I remember hating school. I would go but I would never really try. I again was the quiet one so I didn't make many friends and the ones I did were not really the right kind of friends but I hung on to them anyway because it was all I had at the time. I was angry, no self esteem and depressed. I don't know if it was because of all I had went through or because I was a teenager and hormonal. It probably was a combination of both.
A couple of months before my seventh birthday I met my hubby. We clicked right away. I remember before we started "dating" I was at my cousin's house staying the night and he was there. We were writing notes back and forth to each other even though we were in the same room LOL. It was one of those I like you, do you like me? Check yes or no notes LOL. It was the funniest thing now that I look back on it. He went to a different school than I did so he would get in his car and race down to come meet me (I would walk home from school) before I made it home so he could drive my brother and I home LOL.

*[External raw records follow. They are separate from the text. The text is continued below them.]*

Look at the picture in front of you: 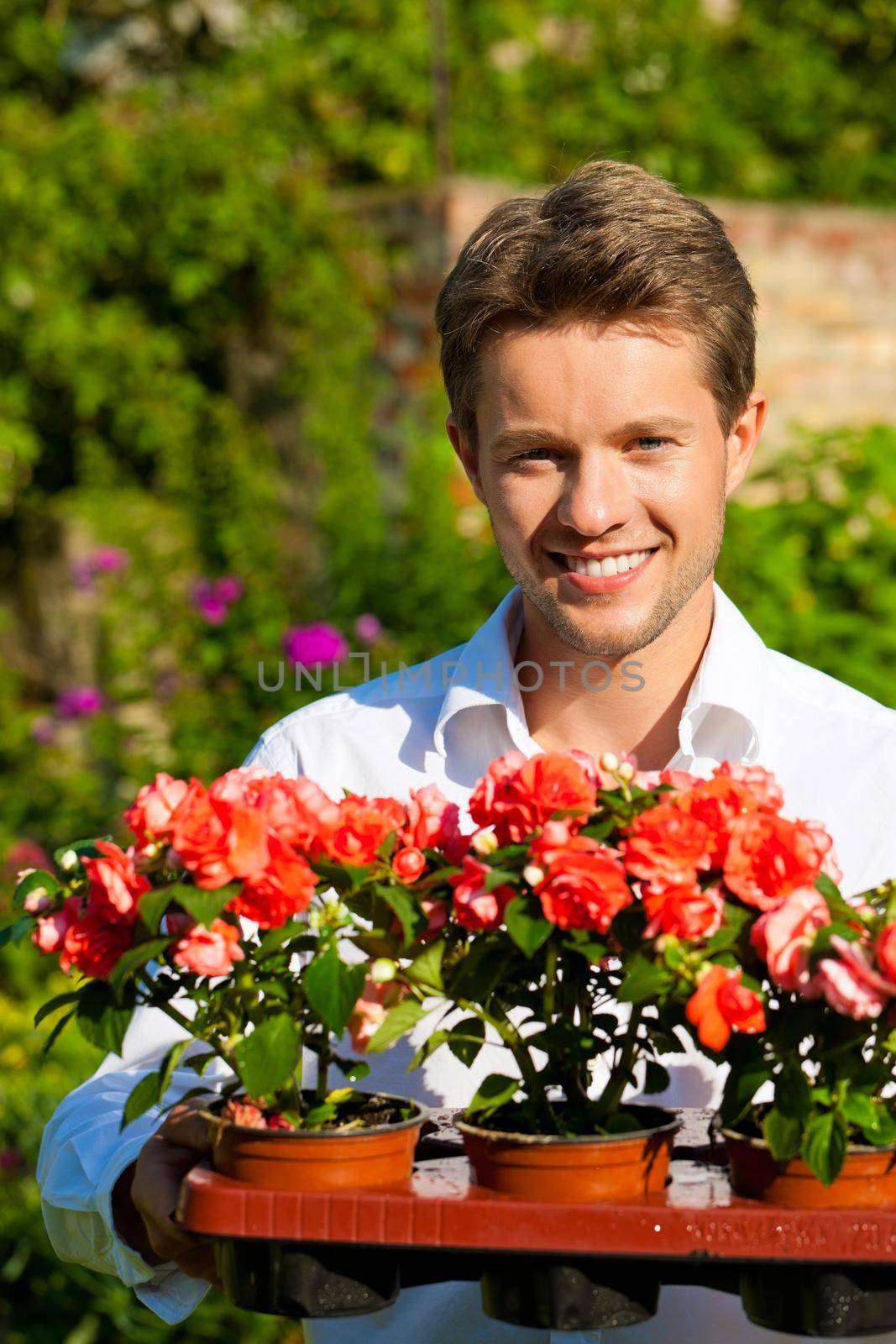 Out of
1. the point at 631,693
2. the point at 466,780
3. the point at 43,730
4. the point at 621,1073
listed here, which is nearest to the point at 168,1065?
the point at 621,1073

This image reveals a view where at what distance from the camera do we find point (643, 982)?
4.00 feet

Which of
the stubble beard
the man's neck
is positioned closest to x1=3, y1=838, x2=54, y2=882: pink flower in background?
the man's neck

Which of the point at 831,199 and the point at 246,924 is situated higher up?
the point at 831,199

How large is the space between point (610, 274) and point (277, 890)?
2.69ft

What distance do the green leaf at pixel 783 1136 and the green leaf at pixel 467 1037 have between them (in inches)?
9.9

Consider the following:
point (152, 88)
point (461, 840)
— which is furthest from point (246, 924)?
point (152, 88)

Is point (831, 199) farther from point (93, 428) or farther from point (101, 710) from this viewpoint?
point (101, 710)

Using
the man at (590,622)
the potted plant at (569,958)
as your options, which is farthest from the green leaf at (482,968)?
the man at (590,622)

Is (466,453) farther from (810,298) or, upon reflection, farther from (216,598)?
(810,298)

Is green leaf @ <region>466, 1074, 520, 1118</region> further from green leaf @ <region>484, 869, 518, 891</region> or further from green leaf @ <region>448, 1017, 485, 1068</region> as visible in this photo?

I remember I used to walk to his house and he would meet me half way and we would walk to his house. We did a lot of walking back then LOL. After he graduated high school he used to come meet me at my lunch time in school. We had a lot in common. He had friends that were mostly the "drugies" in school but didn't do them either.
Unlike me though he grew up in an abusive home. Since he was the oldest child/son he got the worst of it. His mom did too. Before we had even met he started living with his Grandpa because he couldn't take living with that. Soon after we got together his parents got divorced. I truly believe now God brought us together so we could get each other through these times.

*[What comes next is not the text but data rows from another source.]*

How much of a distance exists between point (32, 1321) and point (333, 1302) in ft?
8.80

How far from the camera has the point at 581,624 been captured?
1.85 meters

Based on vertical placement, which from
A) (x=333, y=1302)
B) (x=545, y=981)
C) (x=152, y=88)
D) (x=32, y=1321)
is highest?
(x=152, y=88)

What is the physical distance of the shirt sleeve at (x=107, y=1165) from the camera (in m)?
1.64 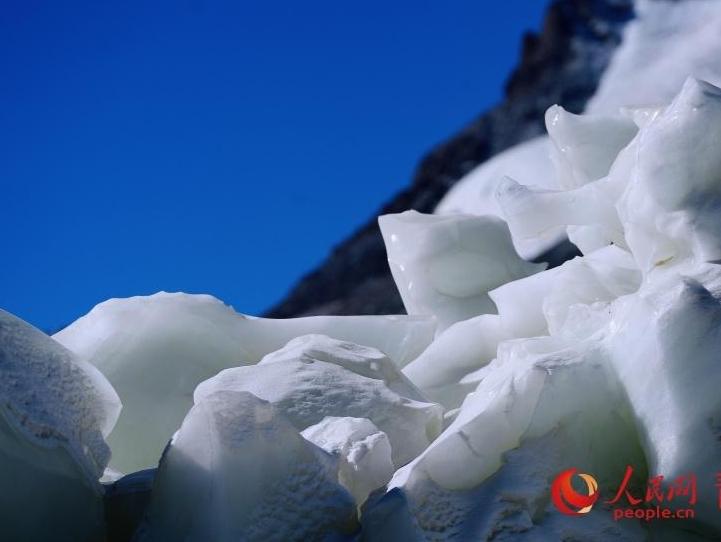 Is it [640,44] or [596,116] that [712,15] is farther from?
[596,116]

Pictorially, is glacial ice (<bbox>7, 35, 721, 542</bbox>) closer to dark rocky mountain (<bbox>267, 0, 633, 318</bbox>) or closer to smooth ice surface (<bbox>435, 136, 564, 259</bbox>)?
smooth ice surface (<bbox>435, 136, 564, 259</bbox>)

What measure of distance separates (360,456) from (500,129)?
6370mm

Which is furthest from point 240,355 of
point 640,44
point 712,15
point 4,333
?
point 640,44

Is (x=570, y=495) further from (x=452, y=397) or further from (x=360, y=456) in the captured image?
(x=452, y=397)

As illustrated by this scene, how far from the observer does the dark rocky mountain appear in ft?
22.3

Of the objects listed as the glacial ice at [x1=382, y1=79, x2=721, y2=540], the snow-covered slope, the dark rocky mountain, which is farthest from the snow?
the glacial ice at [x1=382, y1=79, x2=721, y2=540]

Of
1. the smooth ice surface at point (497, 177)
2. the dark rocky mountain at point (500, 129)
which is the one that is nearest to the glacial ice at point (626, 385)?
the smooth ice surface at point (497, 177)

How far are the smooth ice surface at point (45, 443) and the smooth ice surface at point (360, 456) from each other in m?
0.19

When I was 18 I quit school. Why you ask? Not because I wanted to party or not that I didn't care. That year I really was trying to do well and Harlow was a good influence on me to stick with it. I quit because the school had somehow managed to lose part of my records. See they had it down that I failed first semester of Gym in the ninth grade which I didn't because I had took Gym in my other school and the only way you could possibly fail Gym was not to dress up or participate and I did. They also had told me the year before if I had passed all these classes (which I did) I would be able to graduate. Then they turn around to tell me the following year that no I had to go to night school and retake Gym to be able to graduate. I wasn't about to take something I knew I already passed.
I did however get a job right away at Burger King and got my G.E.D. right away. When I was 19 I saved enough money to get a little efficiency apartment. Harlow had moved in with me soon after. Yes I know now that wasn't a good idea but remember too this was the time I had turned away from God. Harlow at this time believed in God but didn't know him. Not that this is an excuse but this is what happened and I can't change it now. Later we ended up breaking up for almost a year. I dated a little but nothing seriously and same with him. We of course ended up back together and soon after planned on getting married.
Wow I am just now realizing this might be a long series LOL. At the least two more post I think if not more. We shall see but for now I will stop here. I hope this helps everyone see who I am and where I have come from. I hope everyone had a good week!